### Data block ###

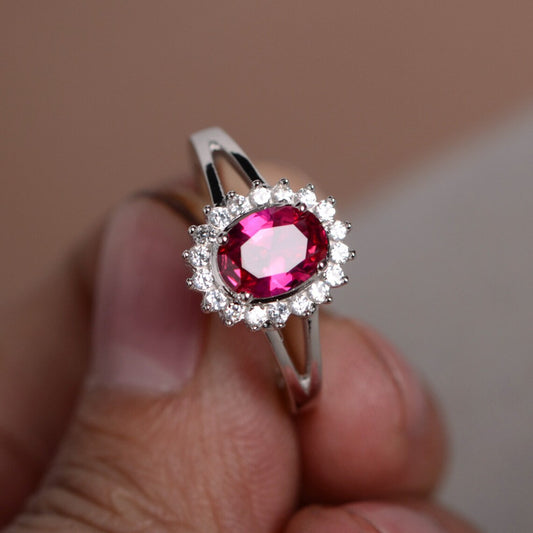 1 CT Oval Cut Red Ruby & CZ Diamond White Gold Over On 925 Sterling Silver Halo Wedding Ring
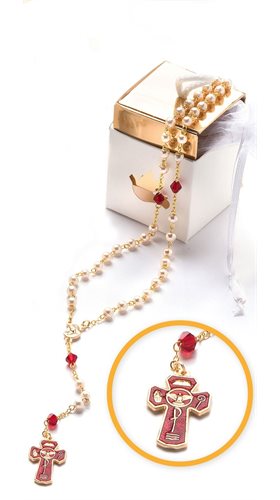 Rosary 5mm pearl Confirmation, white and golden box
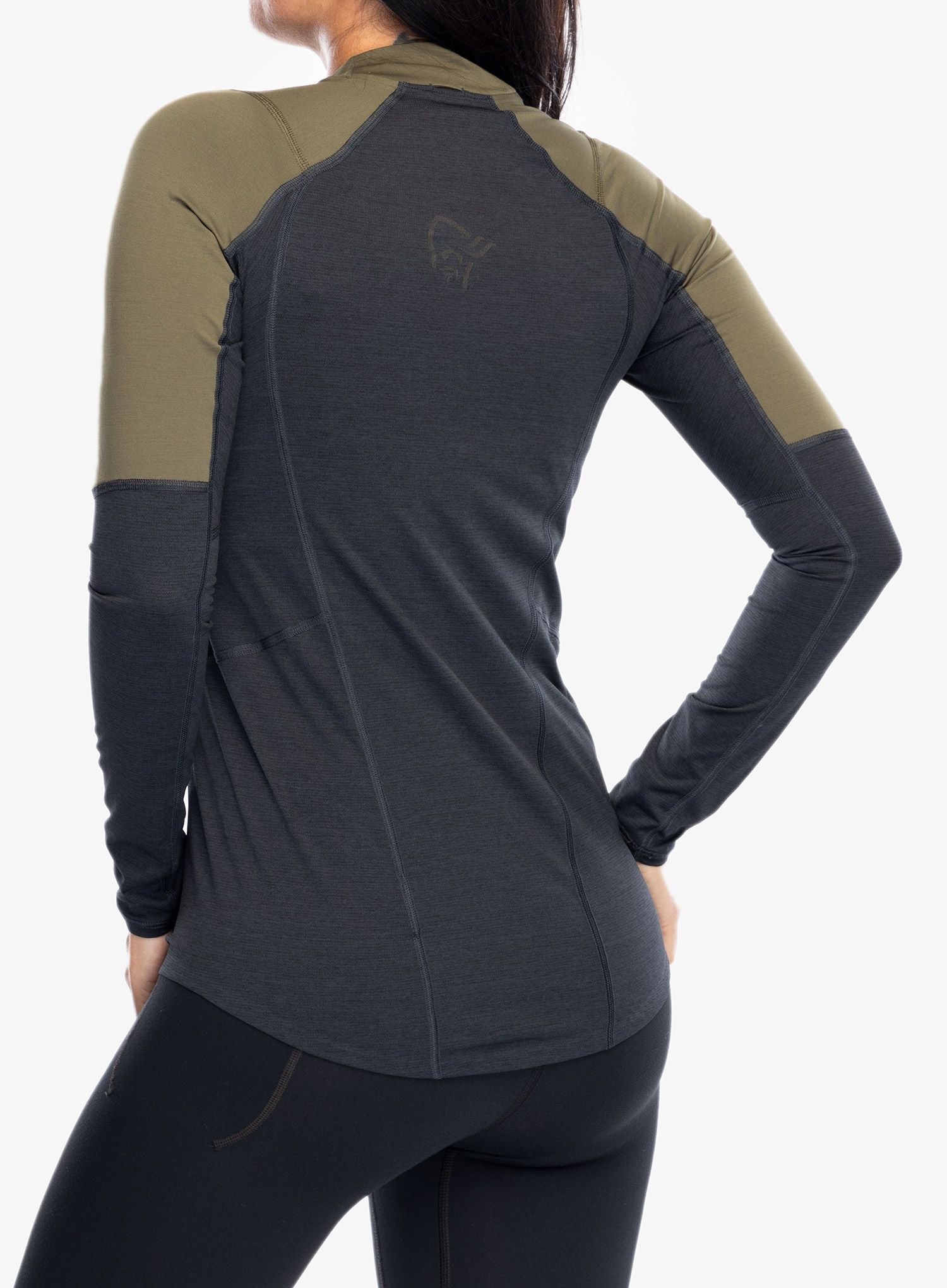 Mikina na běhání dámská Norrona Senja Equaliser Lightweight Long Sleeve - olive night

###

*Problem*
Your copy of the data should match it exactly, apart from the images, which are omitted.

*The completed task*
 1 CT Oval Cut Red Ruby & CZ Diamond White Gold Over On 925 Sterling Silver Halo Wedding Ring
 Rosary 5mm pearl Confirmation, white and golden box
 Mikina na běhání dámská Norrona Senja Equaliser Lightweight Long Sleeve - olive night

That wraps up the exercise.